On saying that, I'm finding now that my sickness is starting to settle down and once I've either been sick / heaved that it's enough to get it out of my system and I'm ok, whereas a few weeks ago the nausea would linger till around mid morning and sometimes even lunch time.
I'm still incredibly tired and I'm so looking forward to Easter as we have no plans and I really need these four days off! Four days to have slow relaxing morning's without setting the alarm. Four days to hopefully enjoy the time off with my boys. Four days where Michael will be there to look after not only Alfie, but me too!
How is baby?
The baby is approximately two centimetres in size and is growing at around 1mm per day. When you think of that, it's pretty crazy. The fingers and toes have started to develop although they are still webbed and will remain this way for some time yet. The embryonic tail is now almost gone and all it's nerves and organs are starting to function.
How I'm feeling?
I feel like I'm starting to manage things better. I've been eating lots of bland foods and I've found I've really missed proper food - I've been craving spaghetti bolognaise this week, but I've not had the energy to make it and I'm not sure how I'd cope with such a rich meal, so it'll have to wait a few more weeks yet I think. I started the week off feeling really anxious as I was worried about Easter being a write off - the last three weekends I've been fit for nothing and I really didn't want our four days off to be wasted or for me to miss out on anything because I was resting on the couch. Luckily, I got up on Good Friday and felt fine. I had no symptoms at all and I was able to enjoy the day. We went to my granparents and told them the news and it was the perfect Spring day and I was so lovely to sit out in the garden and feel some sun. It's made me desperately crave the warm summer months!

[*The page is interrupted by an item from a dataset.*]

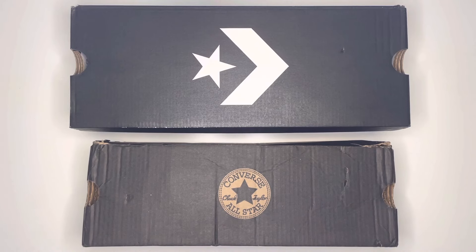Hi everyone and welcome to the channel. Today I'm going to be showing you a real pair and a fake pair of Converse All-Star in the low variant, and point out the major differences between the two pairs so that hopefully when you're looking to purchase a pair yourself, you're able to spot these differences and avoid buying a fake pair.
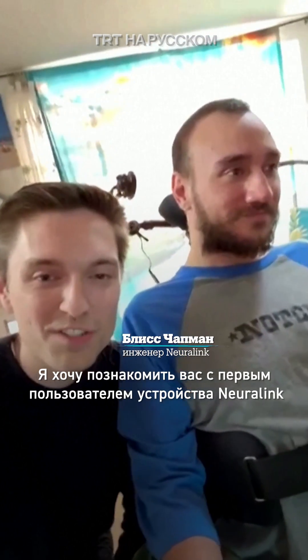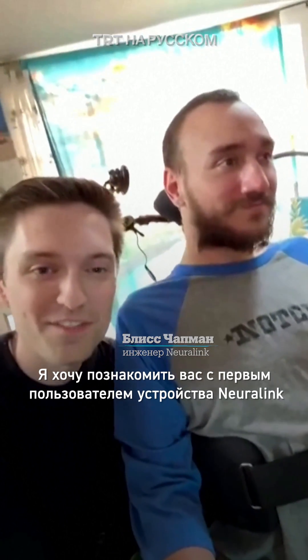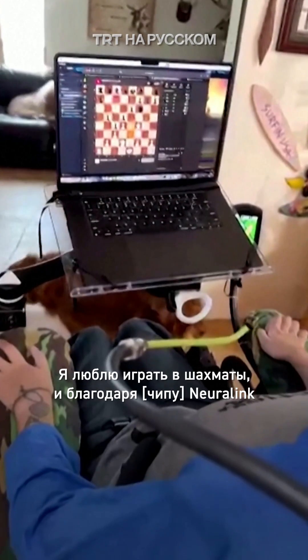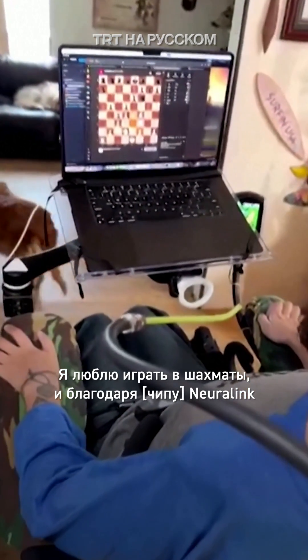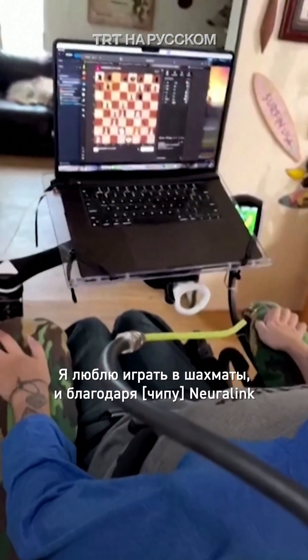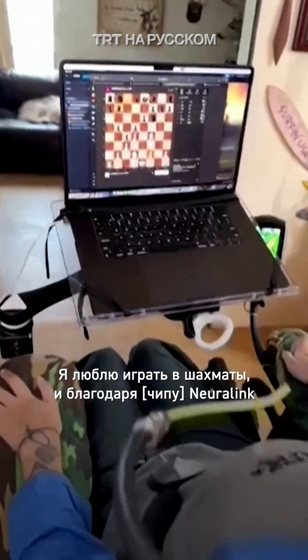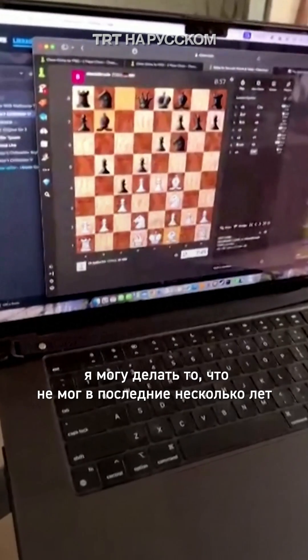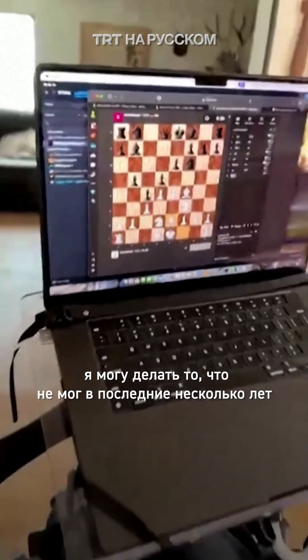I'd like to introduce you to the first ever user of the Neuralink device. Do you want to explain a little bit what's going on here? Yeah, so I love playing chess and so this is one of the things that y'all have enabled me to do — something that I wasn't able to really do much the last few years, especially not like this.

One exciting this which happened this week was on Easter Saturday, I received my letter from the hospital with my scan date which is the 21st April. At last I feel like I've finally something to work towards. I'm being quite silly in that I'm trying to convince myself that once I get to that magical 12 weeks and I've had my scan, that I'll suddenly start to feel better and this sickness and nausea will go and I'll start to feel great! However, I know that just because I've had a scan that I'll suddenly start to feel ok again and back to my old self. With Alfie, the sickness / nausea lasted until around 13 weeks.